Wonkbook: Can policymakers respond to the latest round of bad news?


A trader looks at screens during early morning trading at Frankfurt's stock exchange August 8. European shares slipped on Monday continuing their two-week slide after Standard & Poor cut the U.S. prized AAA credit rating by one notch. (KAI PFAFFENBACH/REUTERS)

Carmen Reinhart, coauthor of 'This Time is Different,' the seminal work on financial crises, told me something on Friday that I haven't been able to get out of my head. "Seven of the fifteen post-war crises had broadly defined double-dips," she said, "but often these renewed bouts of slowness were tied to external factors. They weren't always related to post-crisis intrinsic forces. But after a crisis, you're highly leveraged, you're growing slowly, and so you're vulnerable to an adverse external shock that, in normal times, you could handle well."

Watching all this unfold, Reinhart seems, if anything, a bit too optimistic. It's not just that post-crisis economies occasionally face an unexpected punch in the gut. It's that they don't hit back with nearly the force or speed necessary to resolve the situation. In America, we're looking at a slowdown in growth, poor jobs numbers, and some of the lowest borrowing costs in our nations history. And what are we doing about it? Nothing. In Europe, they've been facing a growing debt crisis for years now, but they've never been able to muster the political will to actually solve it.

Only Japan, which got rocked by a tremendous natural disaster, gets to say that an unexpected shock derailed their recovery. American and Europe are dealing with the same problems they've been dealing with for years, but with political systems that seem increasingly less capable. I suspect that if a political scientist did a history of post-war financial crises, she would find that this was a common thread among them too, and that one reason post-crisis countries are more vulnerable to shocks is that their political systems have largely exhausted their capacity to effectively respond to bad news. Financial crises are long and brutal, and very few political systems are capable of sustaining the necessary focus and consensus for five, six or seven years.

Five in the morning

1) The European Central Bank is intervening to help Italy and Spain, reports Anthony Faiola: "Moving to stem panic of an escalating debt crisis in Europe, the European Central Bank on Sunday signaled it would intervene in bond markets to prop up hard-hit Italy and Spain, as world leaders scrambled to calm investors before the opening of financial markets Monday. The reluctant decision by the ECB underscored the gravity of a crisis that some fear could lead to a messy breakup of the euro zone if not quickly contained, and which has gathered fresh urgency following the downgrading of U.S. debt by Standard & Poors. Worried investors have been dumping Italian and Spanish bonds, driving their borrowing costs to record levels in recent days...The bank could at least temporarily take some of the pressure off both nations by buying debt that private investors now see as too risky."
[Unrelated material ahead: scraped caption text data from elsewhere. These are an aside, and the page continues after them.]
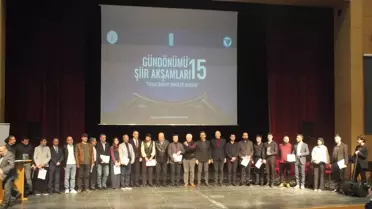 Şiir Akşamları'nda Bakiler Anıldı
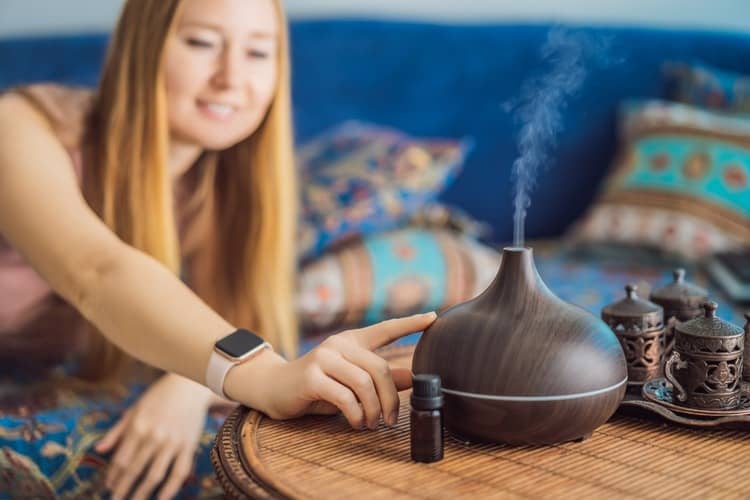 Aroma difuzér funkce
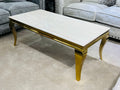 Sofia Cream & Gold Marble Coffee Table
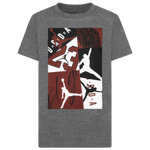 Dark Grey Heather/Red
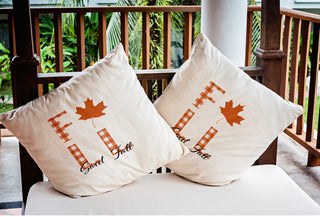 Sweet Fall Indoor/Outdoor Throw Pillow, Nutmeg, 20"x20"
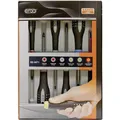 Produktbild: Bahco ERGO Schraubendreher-Satz für Schlitz-, Phillips-, Pozidriv- und TORX-Schrauben mit Gummigriff - (Phillipps-Kreuzschlitz (PH), Torx (TX), Pozidriv-Kreuzschlitz (PZ), Schlitzschrauben) (BE-9871)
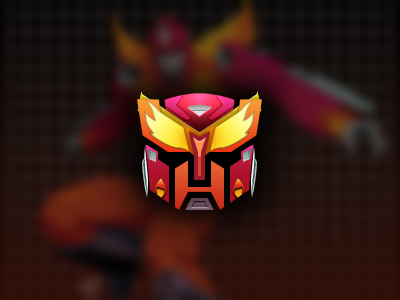 Hot Rod Preview avatar gen 1 hot rod sticker transformers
Krugman's take: "There is a reasonable case that what we’re seeing in Italy is a self-fulfilling crisis trying to happen, in which fear of default is precisely what leads to default. And that’s exactly the kind of case in which intervention could short-circuit the crisis. Let the ECB buy lots of Italian bonds, in effect guaranteeing a low interest rate, and the possibility of default fades – which in turn means that further intervention isn’t needed. It’s certainly worth a try."

2) The second recession in a double-dip could be worse than the first one, reports Catherine Rampell: "If the economy falls back into recession, as many economists are now warning, the bloodletting could be a lot more painful than the last time around. Given the tumult of the Great Recession, this may be hard to believe. But the economy is much weaker than it was at the outset of the last recession in December 2007, with most major measures of economic health -- including jobs, incomes, output and industrial production -- worse today than they were back then. And growth has been so weak that almost no ground has been recouped, even though a recovery technically started in June 2009...When the last downturn hit, the credit bubble left Americans with lots of fat to cut, but a new one would force families to cut from the bone."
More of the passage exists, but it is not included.